S I R I   H O L L A N D E R *

"In rural New Mexico, Siri Hollander's equine sculptures take form as the spirit moves her" by Devon Jackson

"I feel more Spanish than American," declares the sculptor, who's made herself comfortable in the Old World Hispanic vibe of her rural northern New Mexico home near Truchas. " It's a lot like Spain and Europe here."

She should know. Born in New York City in 1959 to a painter father and poet mother, Siri (her mom named her after Thailand's Regent Queen Sirikit), along with her parents and her brother and sister caught a one way boat ride to Spain in 1962 and hardly looked back. The Hollanders spoke English to their kids at their overseas home – an isolated country house in Andalusia - but the children became fluent in Spanish. Her first formal education in their mother tongue was a live in tutor when Siri was 10. " It was pretty remote where we grew up, and we had a very hands on upbringing" she reflects today. It was also culturally capricious. When the family wasn't following the matadors from town to town during the height of bullfighting season, they liked to visit Roman ruins, go spelunking in uncharted prehistoric caves, tour the castles of Italy and France, and scour the countryside for old coins.

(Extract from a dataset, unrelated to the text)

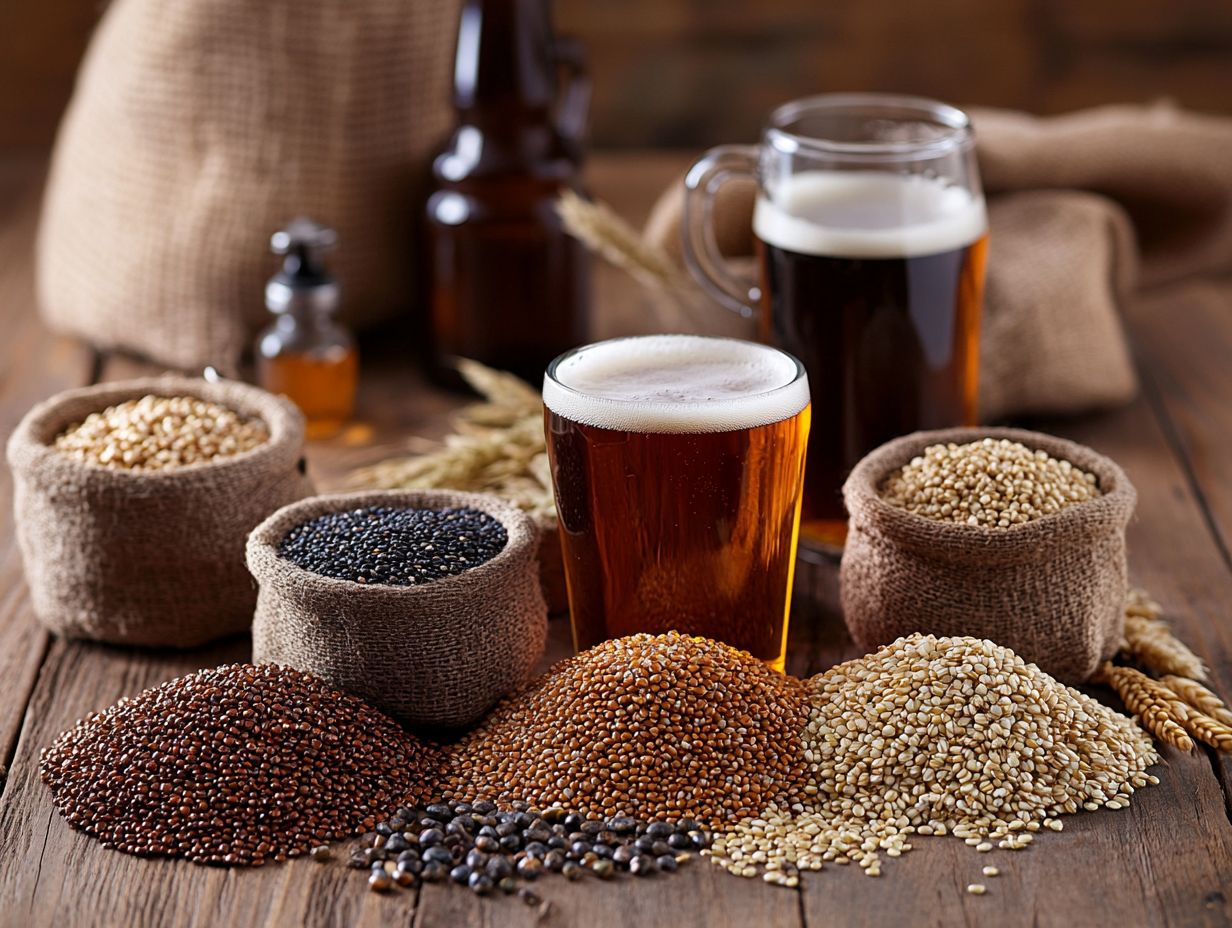 A selection of alternative grains for brewing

Hollander and her siblings lived among the many dogs and horses on their ranch, and the kids had very little in the way of conventional education. "I spent most of my time riding horses and running around in the outdoors," admits Hollander, who today lives in a way and a place not so dissimilar from the one she grew up in. She and her partner, Brian, are raising their two young daughters (Hollander also has two children from a previous relationship) amid almost as many dogs and horses as she once rambled among, and in a tight-knit farming and ranching community teeming with descendants of Spanish settlers. Many of the families in and around the town of Truchas proudly trace their Iberian heritage back hundreds of years and still speak Spanish in a way it was spoken way, way back then. "The Spanish speakers here in the mountains speak it cleaner than elsewhere in New Mexico," contends Hollander. "It's very classical, and there's not much of an accent. Which makes it easier for me to blend in. It's easy for me to relate to these people up here, I feel more at home."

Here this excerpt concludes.